Luckily, one of the seven selected psychologists, Lewis Terman (coiner of the term intelligence quotient), had a pupil named Arthur Otis, who had already begun constructed a group intelligence test when the Army decided it needed one. By and large, the committee adopted the material Otis had already prepared, and in six weeks the tests were ready for the printers. A few weeks after that there was a trial run with four thousand men. Less than two years later, by the beginning of 1919, nearly two million American men had taken the Army intelligence tests.

The Army scores were not expressed using the intelligence quotient, but instead by simply awarding points for correct answers. On the basis of these points, men were divided into one of five classes, ranked from A to E.

Soon afterwards, many companies began testing programs to determine who would be hired, promoted or transferred. But the greatest market for intelligence tests was the schools. In the years following World War I, practically every school system in the country began some sort of intelligence scoring program. Of course, intelligence testing had its fair share of detractors, including Walter Lippmann, a well-known columnist and social commentator of the time. In 1922, he wrote: "One only has to read around in the literature of the see how easily the intelligence test can be turned into an engine of cruelty, could turn into a method of stamping a permanent sense of inferiority upon the soul of a child...."

In the 1960s and '70s, IQ tests began to fall out of favor, partially because of racially and culturally specific test questions. In 1964, the New York City Board of Education did away with IQ testing entirely, and other boards of education followed suit, often reluctantly. Many lawsuits related to job hirings and denied education also took place during this time, usually finding the IQ testers guilty of discrimination.

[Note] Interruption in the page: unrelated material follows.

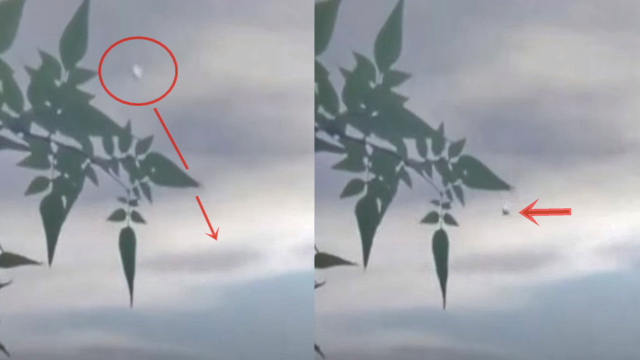 TikTok influencer captures a UFO disappearing in a flash of light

The concept of intelligence has continued to evolve, despite problems with and misuses of IQ testing. In 1983, Howard Gardner argued that "reason, intelligence, logic and knowledge are not synonymous...", setting forth a theory of multiple intelligences. Gardner defined seven distinct intelligences: logical-mathematical, linguistic, spatial, musical, bodily kinesthetic, interpersonal and intrapersonal intelligences. The concept of multiple intelligences helped broaden the idea of "intelligence" from a mathematical and verbal understanding, which had become cemented into American culture through years of national testing (i.e. the SATs).

Gardner's ideas have made their way into education, and are currently being used by many school districts. But traditional intelligence and scholastic aptitude testing has continued to gain acceptance and force in U.S. education. Today, certain colleges refuse to accept students below certain prestigious scores on the SATs and many private and premier public schools accept students almost solely on the basis of test scores.